Records for this task below:

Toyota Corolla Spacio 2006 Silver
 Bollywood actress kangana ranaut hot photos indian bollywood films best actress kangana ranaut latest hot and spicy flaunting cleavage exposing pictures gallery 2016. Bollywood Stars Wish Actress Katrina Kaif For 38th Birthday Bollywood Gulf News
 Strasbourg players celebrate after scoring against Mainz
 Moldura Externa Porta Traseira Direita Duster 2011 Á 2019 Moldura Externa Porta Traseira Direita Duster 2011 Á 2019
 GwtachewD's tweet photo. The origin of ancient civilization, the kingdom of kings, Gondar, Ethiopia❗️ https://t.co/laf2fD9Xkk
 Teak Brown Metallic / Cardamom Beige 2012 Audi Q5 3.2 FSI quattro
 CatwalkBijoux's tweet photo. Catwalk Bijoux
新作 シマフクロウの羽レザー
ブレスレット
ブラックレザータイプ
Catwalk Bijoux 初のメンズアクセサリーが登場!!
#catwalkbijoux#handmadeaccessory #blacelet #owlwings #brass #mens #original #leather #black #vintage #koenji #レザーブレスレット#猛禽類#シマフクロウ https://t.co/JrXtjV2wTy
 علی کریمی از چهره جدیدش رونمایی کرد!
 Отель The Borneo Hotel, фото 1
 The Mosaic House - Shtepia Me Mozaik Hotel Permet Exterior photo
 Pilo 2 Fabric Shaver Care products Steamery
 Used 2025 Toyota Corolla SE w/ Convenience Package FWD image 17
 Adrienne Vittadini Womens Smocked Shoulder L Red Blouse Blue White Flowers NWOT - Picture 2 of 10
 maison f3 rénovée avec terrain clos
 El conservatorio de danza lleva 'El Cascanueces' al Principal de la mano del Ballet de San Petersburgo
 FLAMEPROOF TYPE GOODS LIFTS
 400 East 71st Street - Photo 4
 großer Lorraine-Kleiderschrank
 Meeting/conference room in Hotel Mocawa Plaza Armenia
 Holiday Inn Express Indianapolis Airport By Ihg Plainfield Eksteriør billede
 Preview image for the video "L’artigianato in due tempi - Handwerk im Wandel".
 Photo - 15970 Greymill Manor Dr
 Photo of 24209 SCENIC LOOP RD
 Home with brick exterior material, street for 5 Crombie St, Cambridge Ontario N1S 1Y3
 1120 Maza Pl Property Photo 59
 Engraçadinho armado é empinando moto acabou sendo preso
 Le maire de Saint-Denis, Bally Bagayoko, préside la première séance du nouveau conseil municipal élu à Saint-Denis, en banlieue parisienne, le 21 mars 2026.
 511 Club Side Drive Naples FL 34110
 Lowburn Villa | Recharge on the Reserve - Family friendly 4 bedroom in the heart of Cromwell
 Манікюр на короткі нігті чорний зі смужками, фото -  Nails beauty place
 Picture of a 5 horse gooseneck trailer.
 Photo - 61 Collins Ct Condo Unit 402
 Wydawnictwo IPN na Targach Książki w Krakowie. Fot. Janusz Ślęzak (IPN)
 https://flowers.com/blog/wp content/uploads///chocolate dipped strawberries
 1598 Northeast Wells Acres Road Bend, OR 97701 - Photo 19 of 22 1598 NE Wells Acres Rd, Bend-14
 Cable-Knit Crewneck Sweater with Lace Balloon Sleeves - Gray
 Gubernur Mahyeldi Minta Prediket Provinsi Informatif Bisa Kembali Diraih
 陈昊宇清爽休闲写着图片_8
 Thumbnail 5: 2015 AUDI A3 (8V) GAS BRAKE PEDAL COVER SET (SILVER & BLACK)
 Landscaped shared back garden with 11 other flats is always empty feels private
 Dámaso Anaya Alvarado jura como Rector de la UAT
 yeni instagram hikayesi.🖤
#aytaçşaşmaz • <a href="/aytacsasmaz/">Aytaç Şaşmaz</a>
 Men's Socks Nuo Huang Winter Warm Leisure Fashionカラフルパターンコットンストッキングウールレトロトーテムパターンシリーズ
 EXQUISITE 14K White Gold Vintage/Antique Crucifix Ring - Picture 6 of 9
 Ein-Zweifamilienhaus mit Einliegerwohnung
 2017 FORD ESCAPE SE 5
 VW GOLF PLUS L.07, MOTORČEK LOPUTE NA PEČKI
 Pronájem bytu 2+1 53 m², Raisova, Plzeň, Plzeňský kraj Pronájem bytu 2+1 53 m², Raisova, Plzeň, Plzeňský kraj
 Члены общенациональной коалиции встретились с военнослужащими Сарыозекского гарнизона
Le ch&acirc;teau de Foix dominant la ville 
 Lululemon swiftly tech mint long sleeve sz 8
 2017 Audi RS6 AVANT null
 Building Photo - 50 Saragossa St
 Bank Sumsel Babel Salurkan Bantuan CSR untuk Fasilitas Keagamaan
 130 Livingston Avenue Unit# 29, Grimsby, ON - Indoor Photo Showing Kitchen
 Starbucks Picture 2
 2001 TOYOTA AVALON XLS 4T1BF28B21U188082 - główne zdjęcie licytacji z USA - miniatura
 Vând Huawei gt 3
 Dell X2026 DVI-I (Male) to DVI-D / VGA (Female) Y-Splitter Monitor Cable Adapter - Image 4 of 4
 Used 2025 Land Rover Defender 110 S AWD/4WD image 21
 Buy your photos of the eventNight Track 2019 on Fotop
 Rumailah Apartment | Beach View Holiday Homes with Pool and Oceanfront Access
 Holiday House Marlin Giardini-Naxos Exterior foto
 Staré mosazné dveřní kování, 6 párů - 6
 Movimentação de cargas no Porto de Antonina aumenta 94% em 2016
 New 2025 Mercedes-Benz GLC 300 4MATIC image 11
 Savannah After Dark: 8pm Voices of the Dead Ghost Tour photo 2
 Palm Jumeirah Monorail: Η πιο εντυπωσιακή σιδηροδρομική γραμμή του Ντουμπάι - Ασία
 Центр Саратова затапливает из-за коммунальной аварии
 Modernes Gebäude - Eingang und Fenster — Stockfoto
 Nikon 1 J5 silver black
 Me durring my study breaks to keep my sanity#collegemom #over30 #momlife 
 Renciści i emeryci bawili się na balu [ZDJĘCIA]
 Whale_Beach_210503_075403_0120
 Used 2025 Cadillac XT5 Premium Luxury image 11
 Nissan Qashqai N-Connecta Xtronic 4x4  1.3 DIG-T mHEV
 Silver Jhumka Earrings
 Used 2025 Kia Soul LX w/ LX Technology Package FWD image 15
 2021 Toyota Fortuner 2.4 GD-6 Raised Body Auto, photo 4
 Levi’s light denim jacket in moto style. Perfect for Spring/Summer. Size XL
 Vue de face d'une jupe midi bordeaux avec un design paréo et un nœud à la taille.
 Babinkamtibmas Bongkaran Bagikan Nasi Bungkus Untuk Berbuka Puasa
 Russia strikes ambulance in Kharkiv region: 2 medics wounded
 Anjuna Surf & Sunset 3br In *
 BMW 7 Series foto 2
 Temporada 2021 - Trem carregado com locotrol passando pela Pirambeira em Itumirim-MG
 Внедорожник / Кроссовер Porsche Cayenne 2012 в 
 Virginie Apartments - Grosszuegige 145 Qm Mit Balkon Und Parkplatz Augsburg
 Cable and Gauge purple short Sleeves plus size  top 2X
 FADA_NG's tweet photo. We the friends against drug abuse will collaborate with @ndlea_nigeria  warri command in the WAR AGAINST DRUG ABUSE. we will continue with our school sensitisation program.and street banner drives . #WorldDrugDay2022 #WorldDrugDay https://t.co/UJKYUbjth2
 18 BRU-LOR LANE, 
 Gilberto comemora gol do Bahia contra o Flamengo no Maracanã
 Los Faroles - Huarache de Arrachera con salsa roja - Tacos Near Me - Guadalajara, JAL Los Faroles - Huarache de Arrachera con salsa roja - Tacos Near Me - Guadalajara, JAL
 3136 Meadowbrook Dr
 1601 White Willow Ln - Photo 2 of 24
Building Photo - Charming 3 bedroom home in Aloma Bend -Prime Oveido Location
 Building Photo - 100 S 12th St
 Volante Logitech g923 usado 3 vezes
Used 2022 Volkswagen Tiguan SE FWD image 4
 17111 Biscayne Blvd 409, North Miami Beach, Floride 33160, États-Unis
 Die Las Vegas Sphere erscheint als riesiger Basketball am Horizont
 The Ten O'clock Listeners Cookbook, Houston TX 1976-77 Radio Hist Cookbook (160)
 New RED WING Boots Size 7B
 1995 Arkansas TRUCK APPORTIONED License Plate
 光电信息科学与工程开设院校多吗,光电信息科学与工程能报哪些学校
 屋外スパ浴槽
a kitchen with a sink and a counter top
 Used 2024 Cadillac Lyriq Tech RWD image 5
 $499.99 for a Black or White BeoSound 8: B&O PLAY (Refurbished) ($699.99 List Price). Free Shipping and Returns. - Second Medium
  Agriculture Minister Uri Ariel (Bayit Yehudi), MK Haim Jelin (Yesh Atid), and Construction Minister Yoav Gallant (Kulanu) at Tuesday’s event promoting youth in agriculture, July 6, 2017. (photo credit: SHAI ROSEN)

End of Records for this task.

**Activity**
Out of the data above, return each line where the word "Cadillac" can be found.

**Exercise result**
 Used 2025 Cadillac XT5 Premium Luxury image 11
 Used 2024 Cadillac Lyriq Tech RWD image 5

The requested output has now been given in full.